Records supplied ▸
==*==
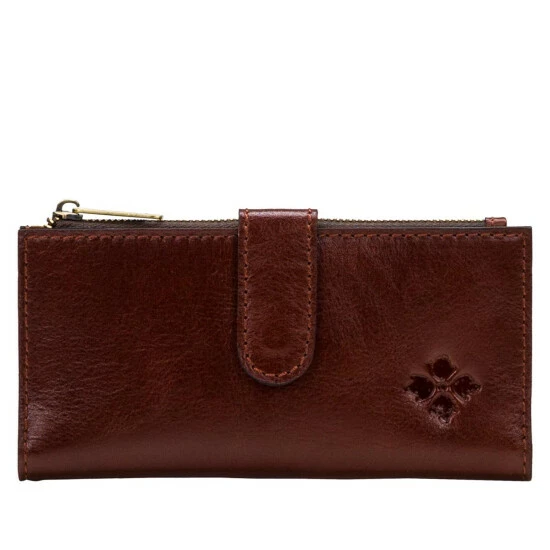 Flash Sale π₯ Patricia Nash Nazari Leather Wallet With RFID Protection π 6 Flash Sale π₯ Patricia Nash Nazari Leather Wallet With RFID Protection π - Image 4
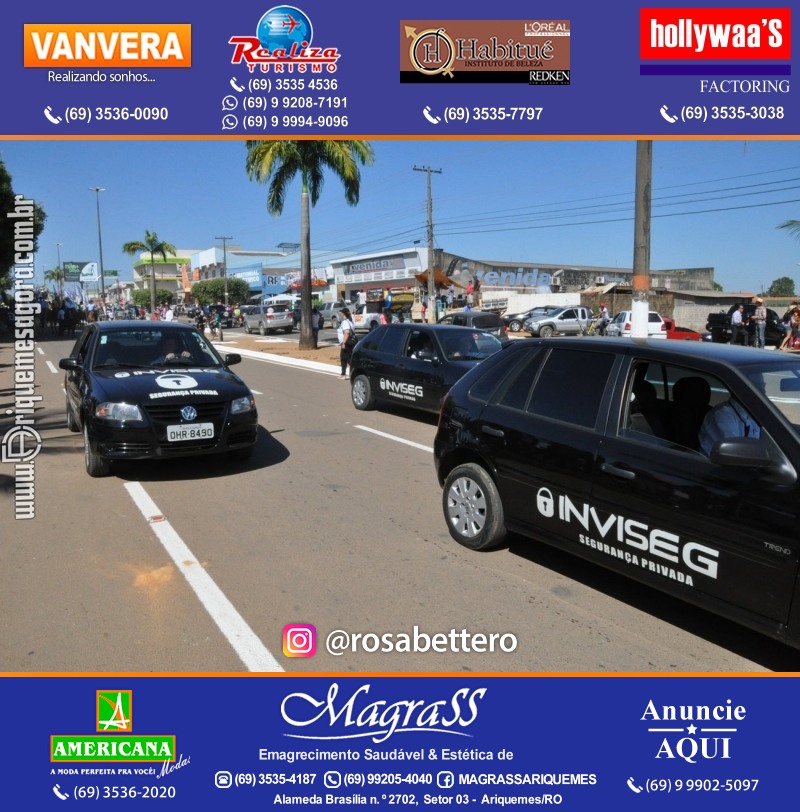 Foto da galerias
==*==
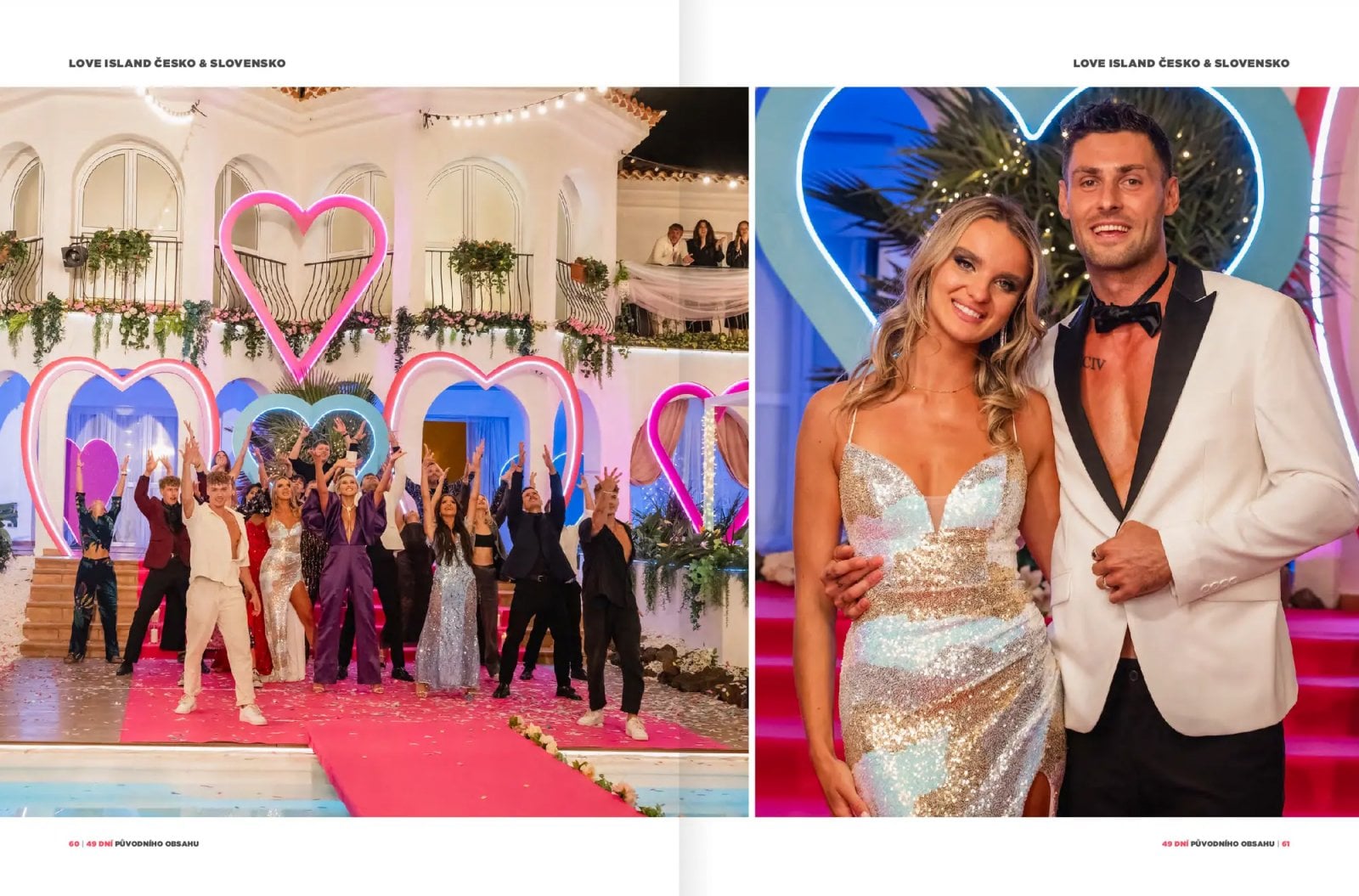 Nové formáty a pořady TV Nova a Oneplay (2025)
==*==
Problem statement ▸ Although the records hold pictures, the copy must not; give again exactly the lines from the one with "π - Image 4" through the one with "Foto da galerias".

Task result ▸
 Flash Sale π₯ Patricia Nash Nazari Leather Wallet With RFID Protection π 6 Flash Sale π₯ Patricia Nash Nazari Leather Wallet With RFID Protection π - Image 4
 Foto da galerias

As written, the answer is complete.